The g-formula effectively simulates asthma treatment trajectories and found higher age, male sex, ATD, CVD, MHP, and GERD to decrease overall switching behavior. These patients might benefit from earlier intervention or closer monitoring to reduce delays in treatment progression.
g公式为分析长期动态哮喘治疗轨迹提供了一种有前景的方法。本研究调查g公式是否能模拟真实世界中的哮喘治疗轨迹,并预测转换行为中的亚组差异。
这项回顾性队列研究从IADB.nl药房配药数据库中识别出1994年至2021年期间在荷兰开始吸入性哮喘药物治疗的16至45岁个体。我们使用g公式结合逻辑回归来预测治疗轨迹及其与各种患者特征的关联,如年龄、性别、特应性疾病(ATD)、心血管疾病(CVD)、甲状腺疾病、关节炎、糖尿病、胃食管反流病(GERD)、心理健康问题(MHP)和免疫抑制剂的慢性药物治疗情况。
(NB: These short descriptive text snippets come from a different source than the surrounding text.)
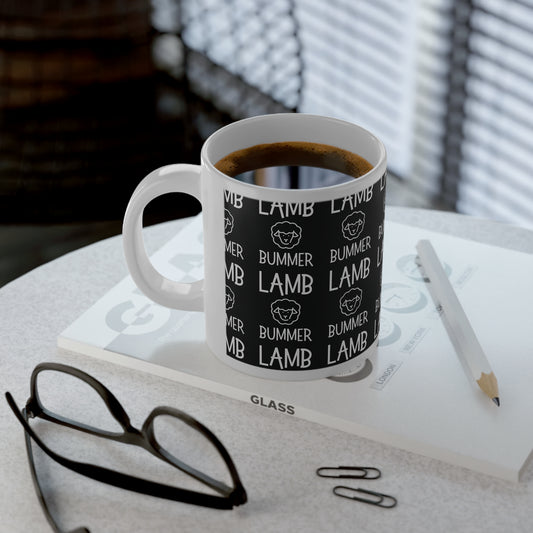 Bummer Lamb, Mug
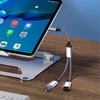 XUYUH USB C Male to Double USB C Female Splitter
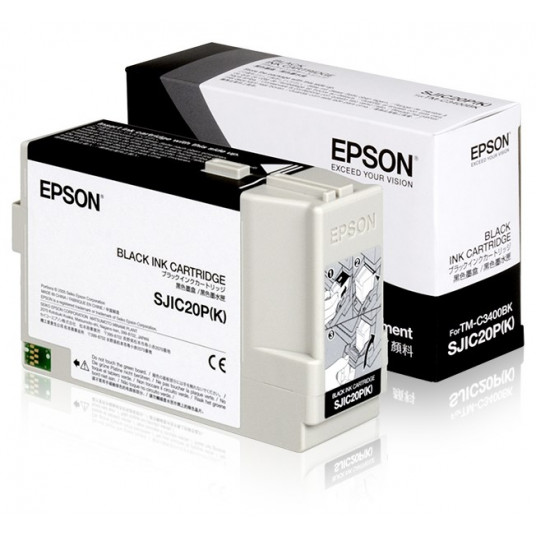 Epson SJIC20P(K) - šķirotājs - oriģināls - b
模拟预测平均76%的个体转换治疗,平均转换2.3次,首次转换平均发生在8.3个月后,这与真实世界观察结果相符(分别为77%、2.3次和7.9个月)。与16岁患者相比,45岁患者转换治疗的较少(74%对78%,p<0.001),但他们转换更早(8.1对8.6个月,p<0.001)且更频繁(2.4对2.3次,p<0.001)。女性比男性更有可能转换治疗。患有ATD、CVD、MHP或GERD的患者转换治疗的频率显著更低(p<0.05)。
g公式有效地模拟了哮喘治疗轨迹,并发现年龄较大、男性、ATD、CVD、MHP和GERD会降低总体转换行为。这些患者可能受益于早期干预或更密切的监测,以减少治疗进展的延迟。